◆ AVAILABLE DATA:
=== Begin Enclosure ===

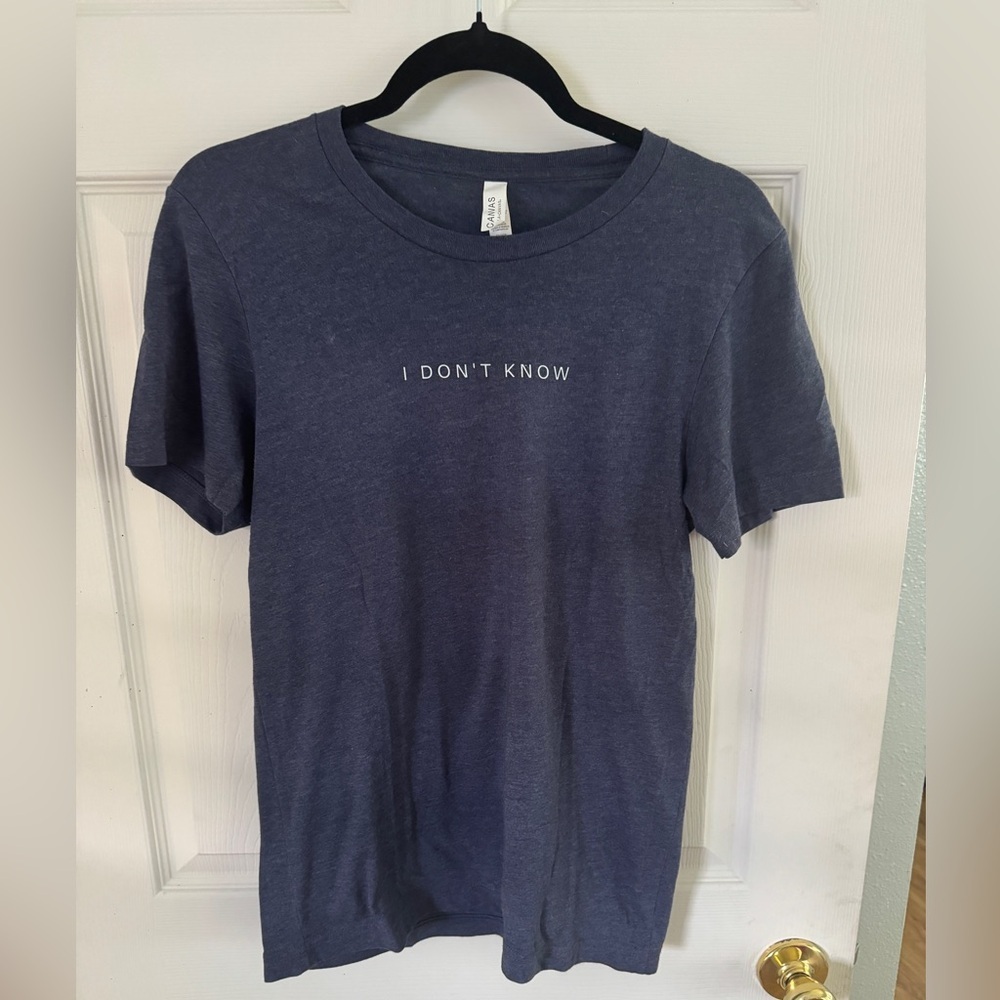 4/$25 Like new “I don’t know” tee sz small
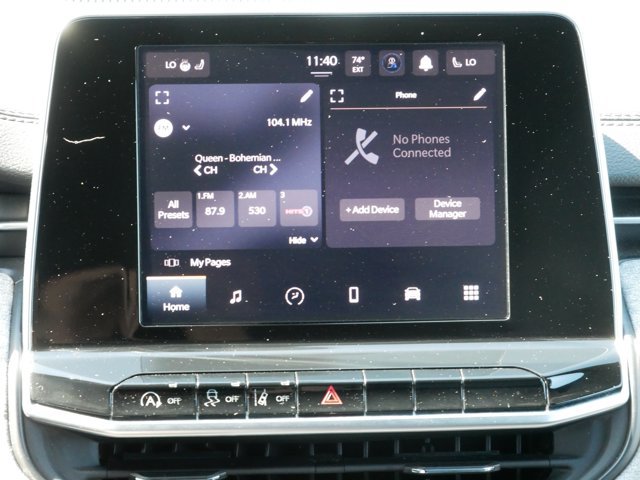 Used 2025 Jeep Compass Latitude w/ Sun & Sound Group AWD/4WD image 14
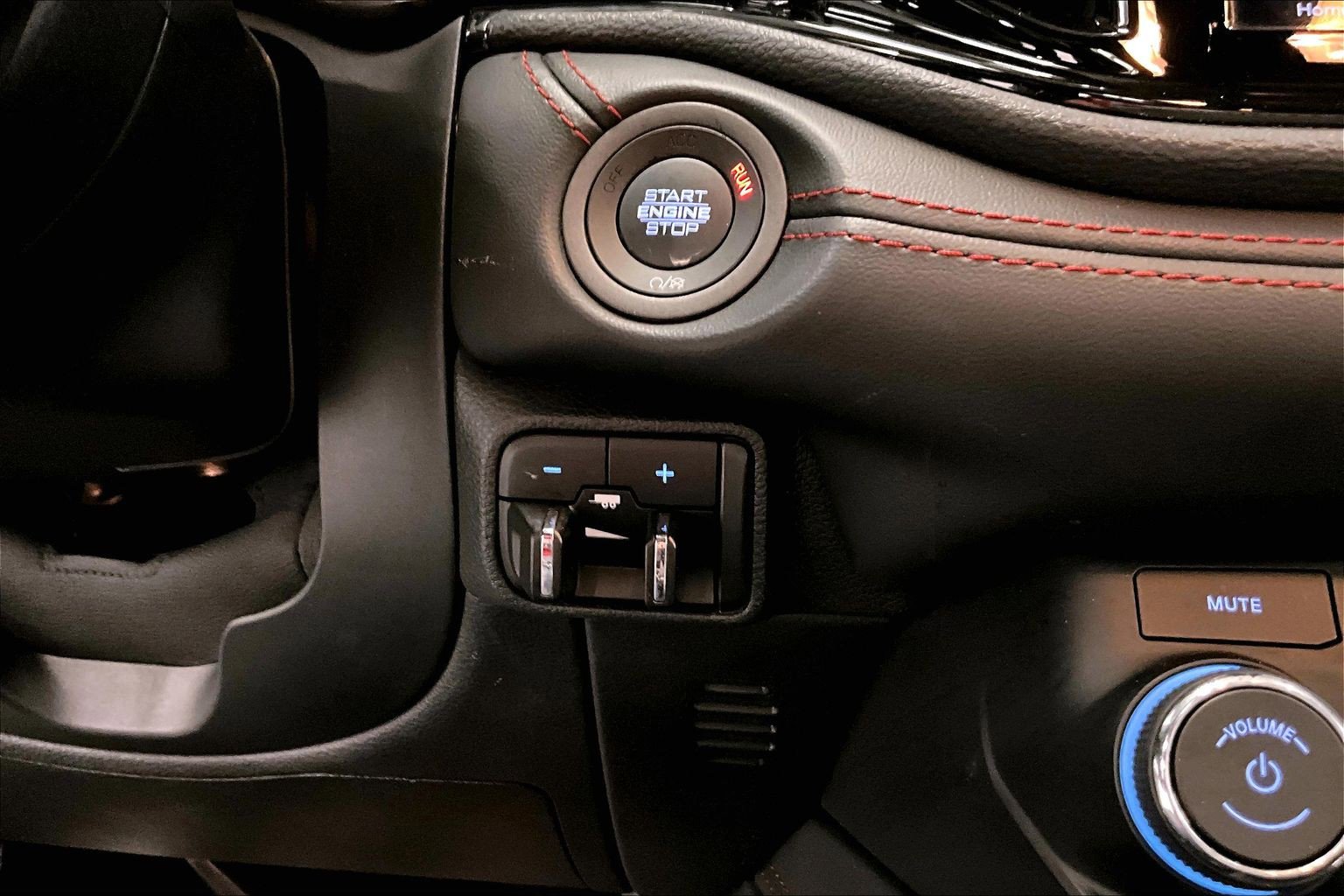 Used 2024 Dodge Durango GT AWD/4WD image 39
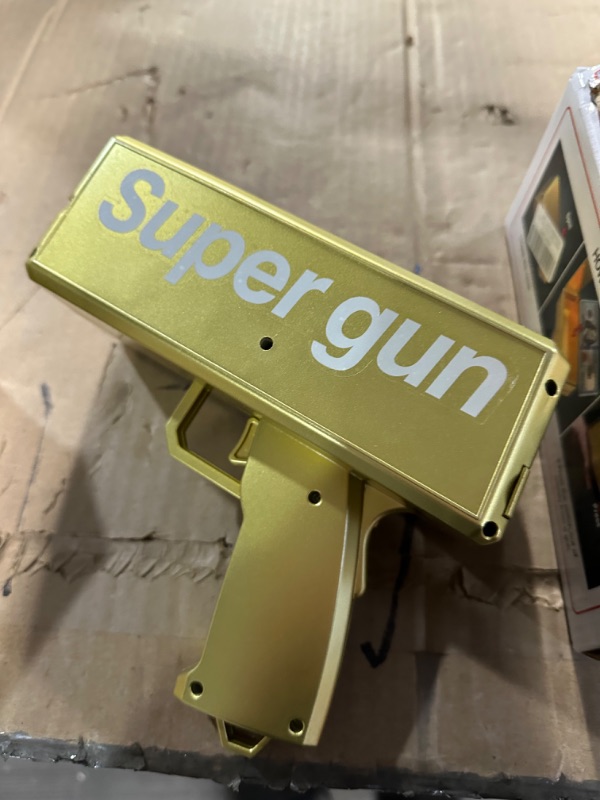 Photo 3 of Alagoo Super Money Guns Paper Playing Spary Money Gun Make it Rain Toy Gun, Handheld Cash Gun Fake Bill Dispenser Money Shooter Toy(Metallic Gold)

=== End Enclosure ===

◆ TASK GOAL:
Could you restate the material word for word, skipping any pictures it holds?

◆ ANSWER FOR THIS EXERCISE:
 4/$25 Like new “I don’t know” tee sz small
 Used 2025 Jeep Compass Latitude w/ Sun & Sound Group AWD/4WD image 14
 Used 2024 Dodge Durango GT AWD/4WD image 39
 Photo 3 of Alagoo Super Money Guns Paper Playing Spary Money Gun Make it Rain Toy Gun, Handheld Cash Gun Fake Bill Dispenser Money Shooter Toy(Metallic Gold)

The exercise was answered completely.